Background: No disease-specific therapy currently exists for arrhythmogenic right ventricular cardiomyopathy (ARVC), a progressive cardiogenetic condition conferring elevated risk for ventricular arrhythmias, heart failure, and sudden cardiac death. Emerging gene therapies have the potential to fill this gap. However, little is known about how adults with ARVC, or any other inherited cardiomyopathy or arrhythmia syndrome, appraise the risks and benefits of gene therapy research and which considerations may influence their decisions about clinical trial participation.
Methods: Twenty adults with clinically diagnosed and gene-positive ARVC participated in semi-structured interviews that explored perceptions of gene therapy and hypothetical decision-making for gene therapy clinical trial participation. Interview transcripts were qualitatively coded and analyzed.

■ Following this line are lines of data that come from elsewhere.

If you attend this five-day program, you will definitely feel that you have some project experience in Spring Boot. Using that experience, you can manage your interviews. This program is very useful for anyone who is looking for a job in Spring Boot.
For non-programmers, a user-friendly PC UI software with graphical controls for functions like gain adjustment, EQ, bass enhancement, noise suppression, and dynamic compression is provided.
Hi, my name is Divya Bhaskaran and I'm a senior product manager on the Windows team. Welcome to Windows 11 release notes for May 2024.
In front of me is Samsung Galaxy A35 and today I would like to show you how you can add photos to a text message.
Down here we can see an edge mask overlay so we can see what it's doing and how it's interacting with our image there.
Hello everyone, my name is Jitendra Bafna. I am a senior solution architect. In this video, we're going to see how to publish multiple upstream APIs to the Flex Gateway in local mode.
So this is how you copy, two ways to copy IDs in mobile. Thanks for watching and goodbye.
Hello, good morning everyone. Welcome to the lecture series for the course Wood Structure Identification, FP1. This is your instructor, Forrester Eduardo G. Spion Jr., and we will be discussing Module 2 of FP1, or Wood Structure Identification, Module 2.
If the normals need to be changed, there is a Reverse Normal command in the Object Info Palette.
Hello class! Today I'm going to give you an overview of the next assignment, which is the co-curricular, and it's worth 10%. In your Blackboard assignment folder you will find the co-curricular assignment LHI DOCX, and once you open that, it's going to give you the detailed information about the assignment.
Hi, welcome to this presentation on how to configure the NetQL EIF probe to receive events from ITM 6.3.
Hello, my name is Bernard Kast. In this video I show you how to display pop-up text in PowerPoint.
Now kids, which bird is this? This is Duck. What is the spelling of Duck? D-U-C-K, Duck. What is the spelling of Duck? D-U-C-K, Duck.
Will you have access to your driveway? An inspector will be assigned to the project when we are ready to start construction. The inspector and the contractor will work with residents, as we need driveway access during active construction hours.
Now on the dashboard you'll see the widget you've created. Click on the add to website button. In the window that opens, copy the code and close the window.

Results: Participants expressed enthusiasm for gene therapy with varied levels of personal interest in trial participation. Although clinical severity appeared to be associated with an elevated interest in early trial participation, participants anticipated weighing both personal and trial-specific factors including life stage, trial stage, risks, benefits, participation burden, study leadership, and anticipated cost of future gene therapy. Adaptation to living with ARVC and involvement in the ARVC patient community were also relevant to decision-making about trial participation. Potential ethical concerns included unquestioning trust in clinical teams collaborating on industry-led trials and vulnerability of those recently diagnosed or with high perceived severity of ARVC symptoms.
Conclusions: Several characteristics of the individual and trial warrant consideration during the informed consent process. Insights from this study may affect trial planning and communication with participants who have inherited cardiac conditions.
Keywords: cardiomyopathies; clinical trials; decision making; genetic therapy; patients.